Donald Burr  2013-09-23 12:57
Here's a trick to help you figure out what text/controls you can interact with in an app (i.e. what is a button and what is just a label): Turn on VoiceOver! Settings -> General -> Accessibility -> VoiceOver. As you tap around on the screen, voiceover will tell you if it is something you can interact with, and what type it is (button, slider, etc.) This has the benefit of not accidentally triggering the function when you tap on it (say, a "delete all my data!" function), since VoiceOver requires you to double-tap something in order to activate it. If it's just a regular old text label, it won't say anything other than read out what it says. A quick way to turn VoiceOver on or off is to set it as your accessibility shortcut: Settings -> General -> Accessibility -> Accessibility Shortcut. Now triple-clicking the home button from anywhere will turn VoiceOver on and off, so if you are in a new, unfamiliar app, you can quickly determine what controls you can interact with or not.

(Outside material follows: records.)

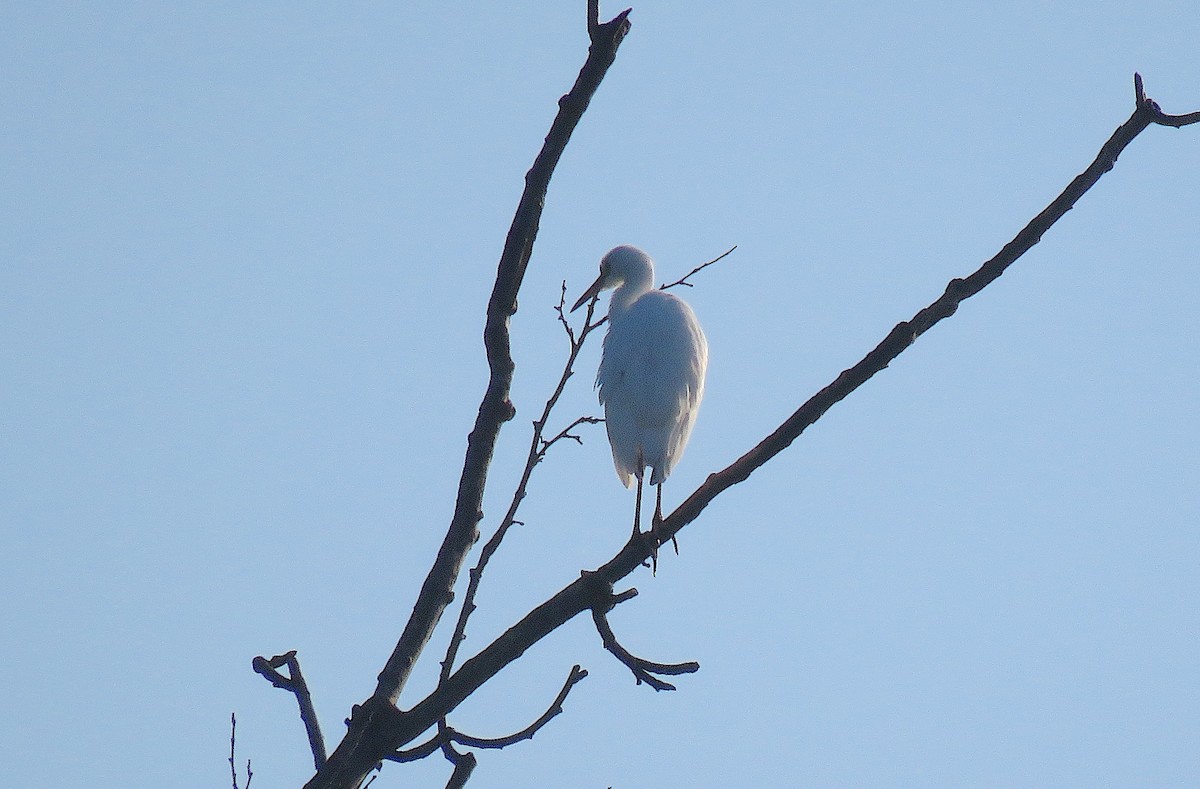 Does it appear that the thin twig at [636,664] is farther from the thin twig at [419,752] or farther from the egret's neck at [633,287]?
the egret's neck at [633,287]

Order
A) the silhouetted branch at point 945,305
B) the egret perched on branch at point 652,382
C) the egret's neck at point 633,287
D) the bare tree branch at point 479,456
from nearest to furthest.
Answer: the bare tree branch at point 479,456, the silhouetted branch at point 945,305, the egret perched on branch at point 652,382, the egret's neck at point 633,287

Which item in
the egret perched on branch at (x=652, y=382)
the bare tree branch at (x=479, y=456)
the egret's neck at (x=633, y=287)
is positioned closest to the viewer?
the bare tree branch at (x=479, y=456)

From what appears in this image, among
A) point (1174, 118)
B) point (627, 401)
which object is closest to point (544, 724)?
point (1174, 118)

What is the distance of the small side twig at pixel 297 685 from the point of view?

Keith W Robertson  2013-09-25 03:58
Discovered yesterday when using the Maps app for walking directions in Cardiff ... It works from the lock screen!! It meant that when I needed an update I only had to power up the screen for directions and then power off to save the battery, brilliant. Tried it today with the Google Map app and it doesn't do this, I had to unlock the screen to see directions.

Also like the way the screen off timer is now separate to the screen lock timer. My screen now goes off after 1 minute, but I only have to key in my 4 digit code after 15 minutes of inactivity.
David Bozak  2013-09-25 10:03
on my iphone 5, the control panel gives me access to a calculator and other stuff (lock screen orientation) but that doesn't show up on my iPad2 - am I missing something?
Josh Centers  2013-09-25 10:21
Apple's never ported their calculator app over to the iPad. I have no idea why not.
Jeff Carlson  An apple icon for a TidBITS Staffer 2013-09-25 10:30
You don't see the lock screen orientation button on the iPad because the side switch is set to Lock Rotation (you do see a Mute button). Go to Settings > General and change the Use Side Switch To preference to Mute and you'll see the Lock Rotation button. (The control panel shows the option _not_ selected in the settings pane.) On the iPhone, the side switch is used only for mute I believe.
David Bozak  2013-09-25 10:41
cool! that works ... learn something every day... thanks!